Elderly Population Continues to Suffer 2005-01-31Posted by clype in Statistics.
‘Age Concern Scotland’s’ new ‘Factcard’ provides information on the country’s elderly population.
It said too many pensioners were living in poverty, despite the benefits of free personal care, free central heating and free bus travel.
The figures were compiled by various independent and government groups.
The ‘Factcard’ states that local authority-supported care home residents in Scotland receive 18.10 GBP/week as a ‘personal expenses allowance’.
This is meant to pay for basic items such as toiletries, clothes, hairdressing, telephone calls, newspapers and holidays.
The ‘Factcard’ also states that in 2003, over a million (1 084 216) of Scotland’s five million (5 057 400) population were aged over 60.
By 2011, 1 187 040 people will be over 60, and by 2031, the figure is predicted to be over one-and-a-half million (1 513 854). The ‘Factcard’ also reveals:
- Nearly three-quarters of single pensioner households in Scotland live on less than 200 GBP/week
- 50 per cent of people aged 70 or over have a limiting illness, ‘health problem’ or ‘disability’

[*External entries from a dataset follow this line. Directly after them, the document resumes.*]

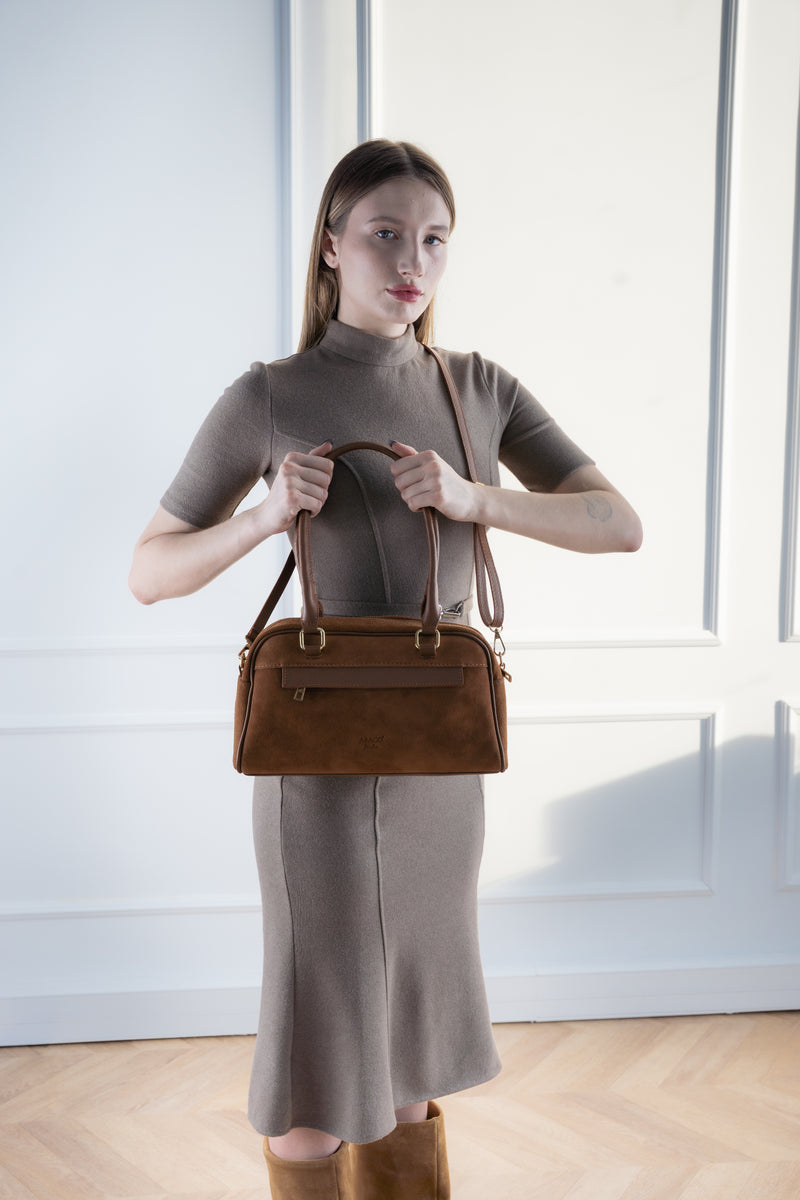 Sac Porte Epaule Drew - Camel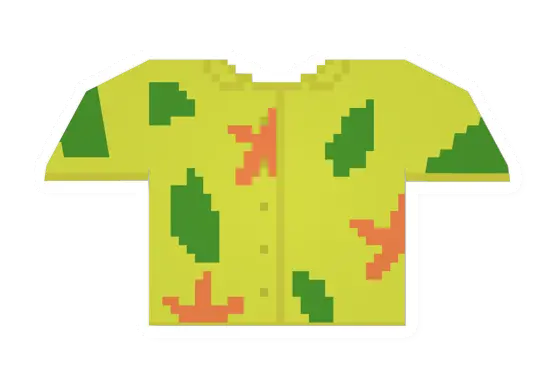 Unturned Yellow Buttonup clothing icon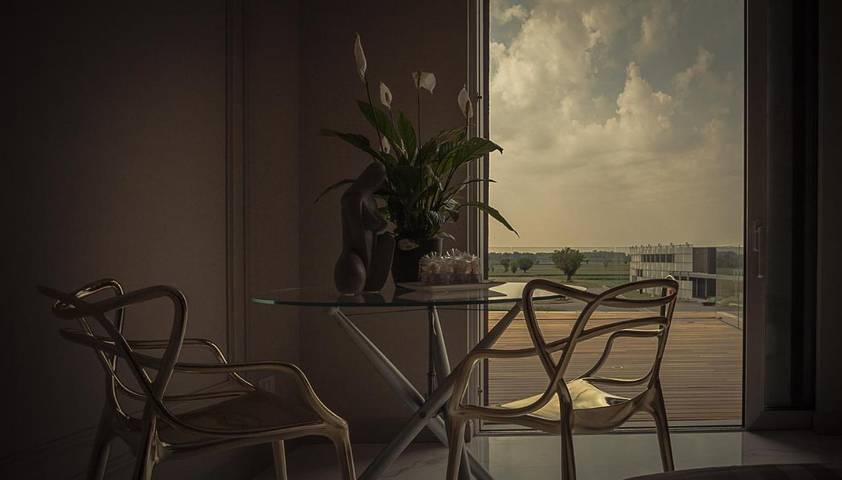 Gîte pour 2 personnes, avec vue et jardin, animaux acceptés à Orbassano - 4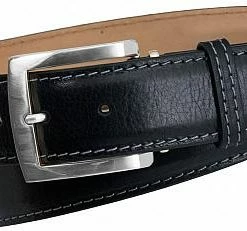 Links & Kings Italian Smooth Leather Golf Belts -Cheap Accessories Store Balck Italian Calf LKISM00000040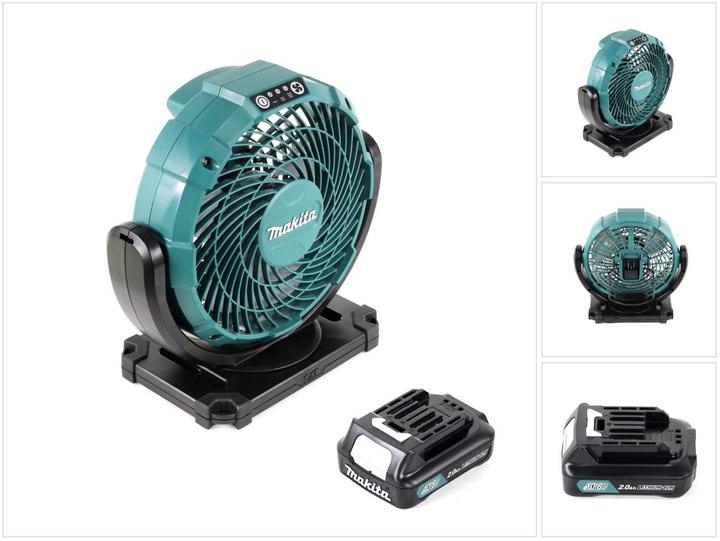 Actual product image Makita CF 100 DA1 10.8V battery fan + 1x 2.0Ah battery - without charger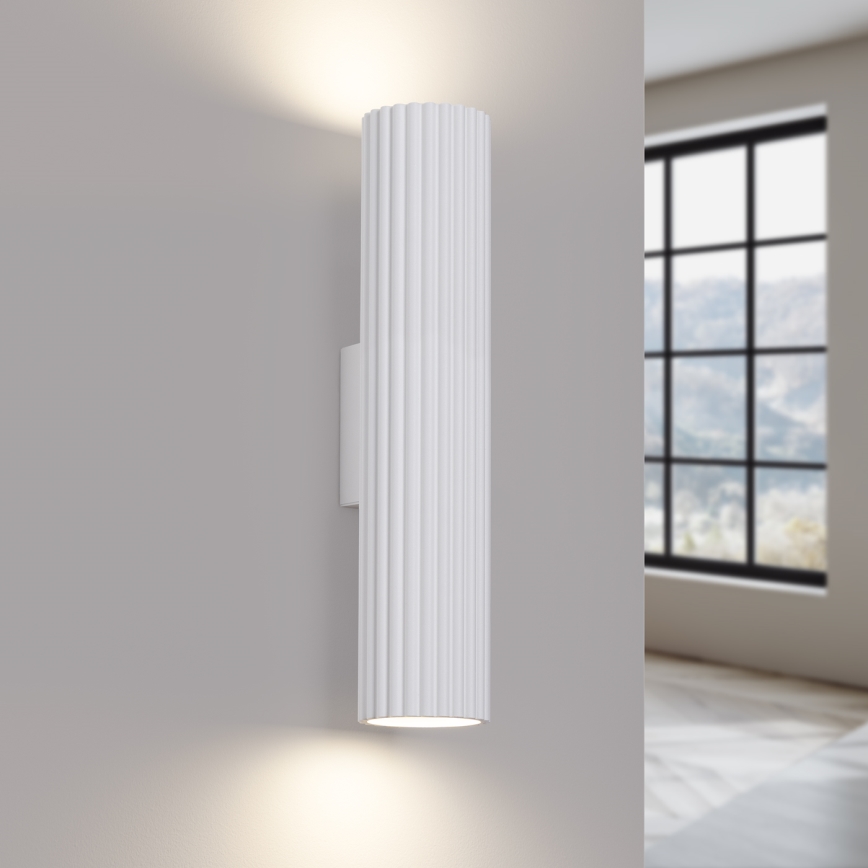 Wandleuchte KARBON 2xGU10/10W/230V weiß
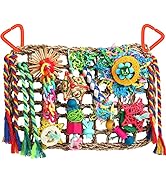 Bird Toys Bird Foraging Toys for Parakeets Cockatiel Conures Lovebirds Bird Foraging Shredding Se...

- 1 515 pensioners were reported as ‘homeless’ in 2002-2003
- 48 per cent of men and 57 per cent of women aged between 50 and 69 are ‘unemployed’.
‘Age Concern Scotland’s’ Ms.Jess Barrow said the factcard revealed ‘very telling’ statistics about elderly people. She said:
‘Although people are benefiting from free personal care, free central heating and free local bus travel, there are still too many older people living in poverty and poor housing. ‘Scotland still has “a long way to go” to ensure that everyone enjoys a decent old age’.

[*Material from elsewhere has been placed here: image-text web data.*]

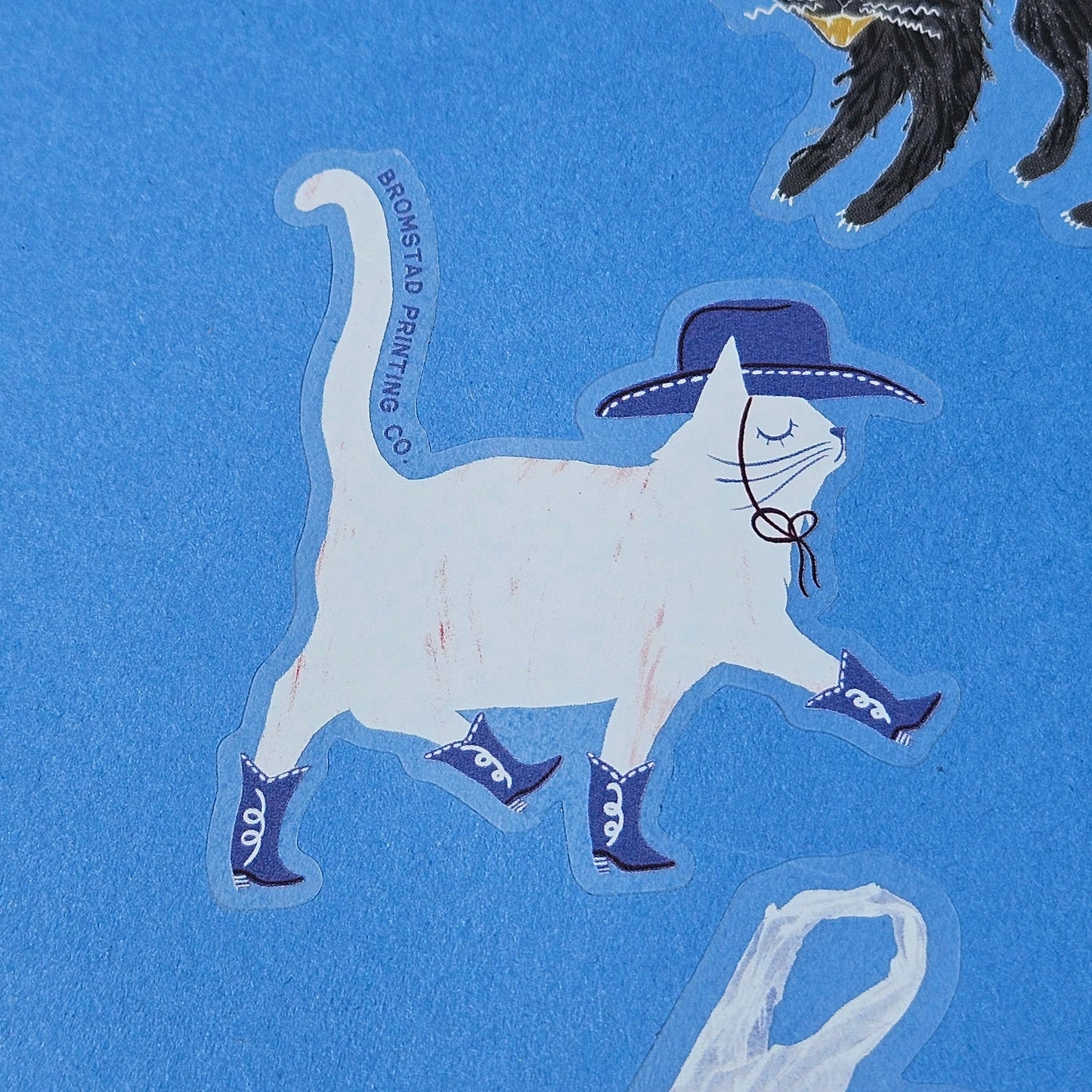 Cowboy Cat Clear Vinyl Sticker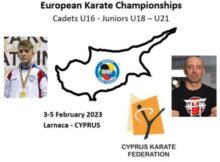 Mathias Popescu de la CS Poli Karate Petroșani, pe tabloul Campionatului European de Karate din Cipru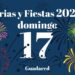 Domingo 17 de Septiembre: Programa de Ferias y Fiestas de Guadalajara 2023
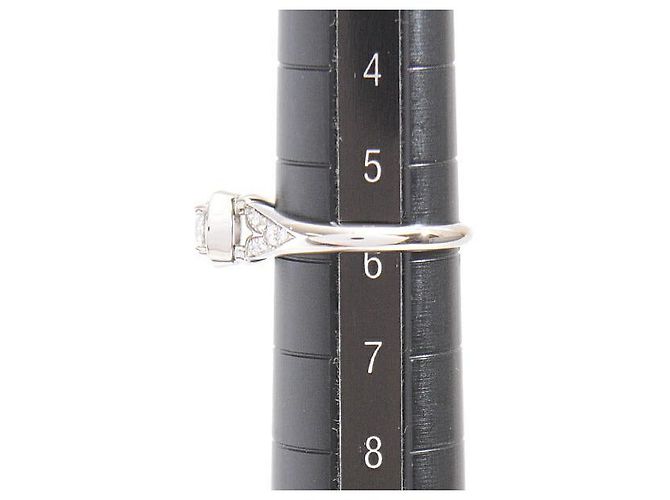 Bulgari Bvlgari PT950 Incontro D'Amore Ring D0.35ct Größe 46 Silber - Ansicht 7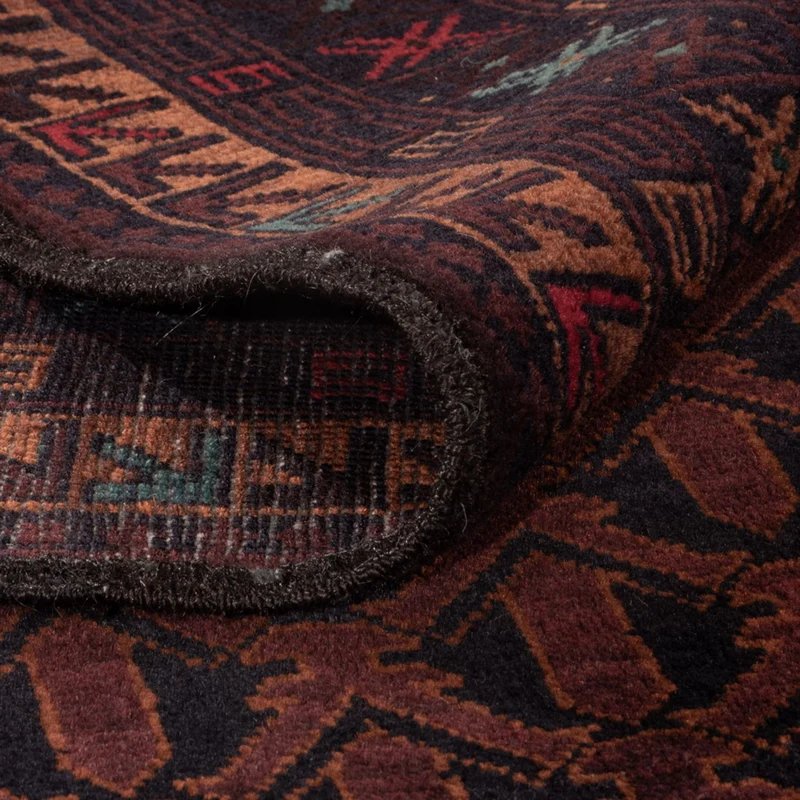 Belutsch Teppich 114x200cm - Orientteppich - dunkelrot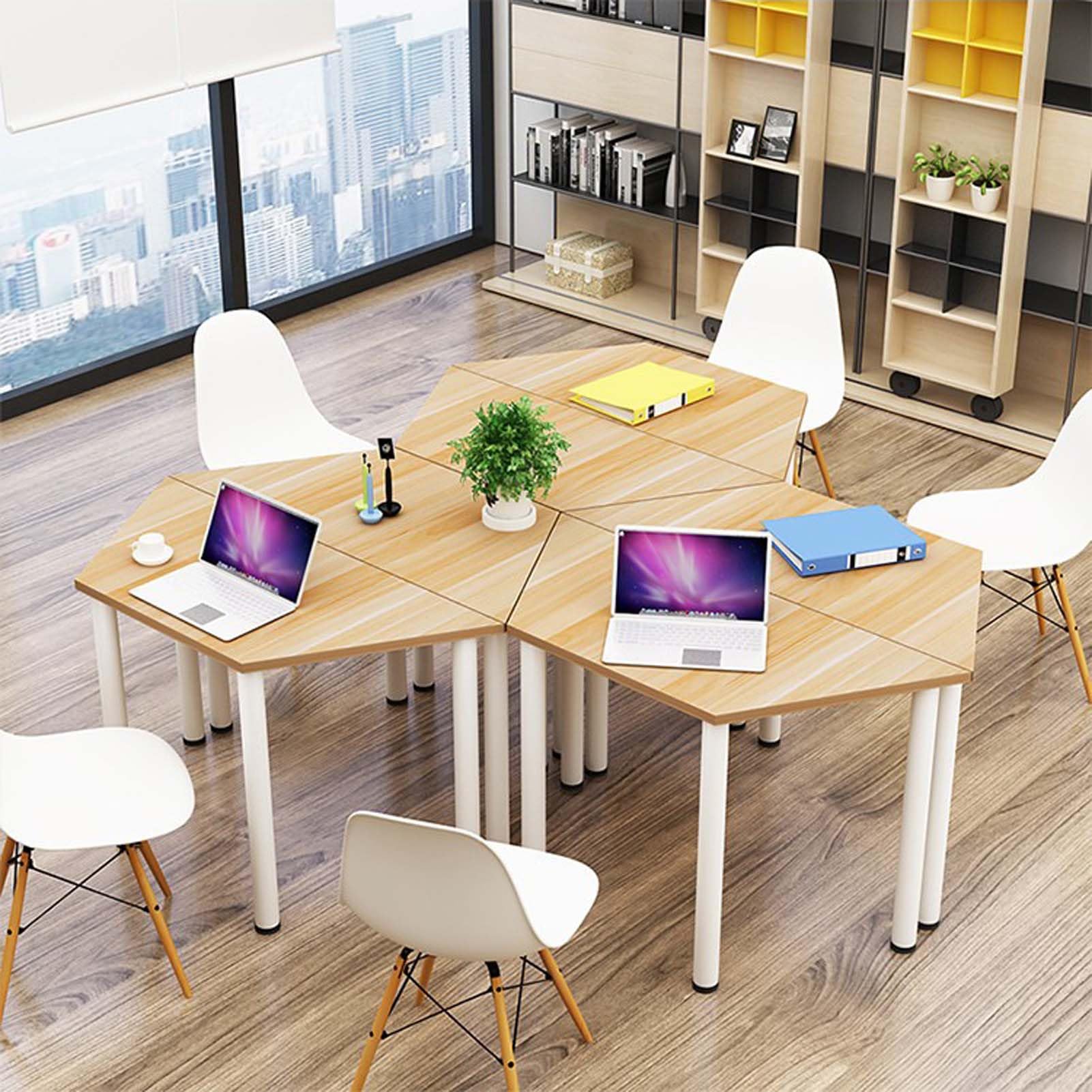 Scrivania modulare da ufficio – Scrivania da studio per studenti Scrivania per casa ufficio postazione di lavoro di gruppo Scrivania per computer per apprendimento e aula Design versatile e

Ms.Sandra White MSP, convener of the cross-party group on age and ageing, said the ‘Factcard’ was ‘a breath of fresh air’ from the usual facts and figures politicians received. She said:
‘It’s a handy “pocket-sized” booklet with “easy to obtain” facts and figures, easy to carry and to locate appropriate information’.
Mr.Donald Gorrie MSP said:
‘This year’s “Factcard” is both exceptionally useful and at the same time worrying. ‘It’s a valuable tool for politicians and campaigners alike, but “the stark reality” of its “facts and figures” reveal just how much more we have to do for pensioners in Scotland’.